Problem to work on — Every line of the data below should be printed exactly. Nothing may be dropped.

Material provided —
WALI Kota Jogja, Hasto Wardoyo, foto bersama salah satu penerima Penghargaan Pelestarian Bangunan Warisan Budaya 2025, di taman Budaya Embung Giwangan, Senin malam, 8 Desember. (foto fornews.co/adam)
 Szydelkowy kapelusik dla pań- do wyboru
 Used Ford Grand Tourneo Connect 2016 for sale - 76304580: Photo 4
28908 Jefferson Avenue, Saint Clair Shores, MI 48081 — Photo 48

Problem solution —
WALI Kota Jogja, Hasto Wardoyo, foto bersama salah satu penerima Penghargaan Pelestarian Bangunan Warisan Budaya 2025, di taman Budaya Embung Giwangan, Senin malam, 8 Desember. (foto fornews.co/adam)
 Szydelkowy kapelusik dla pań- do wyboru
 Used Ford Grand Tourneo Connect 2016 for sale - 76304580: Photo 4
28908 Jefferson Avenue, Saint Clair Shores, MI 48081 — Photo 48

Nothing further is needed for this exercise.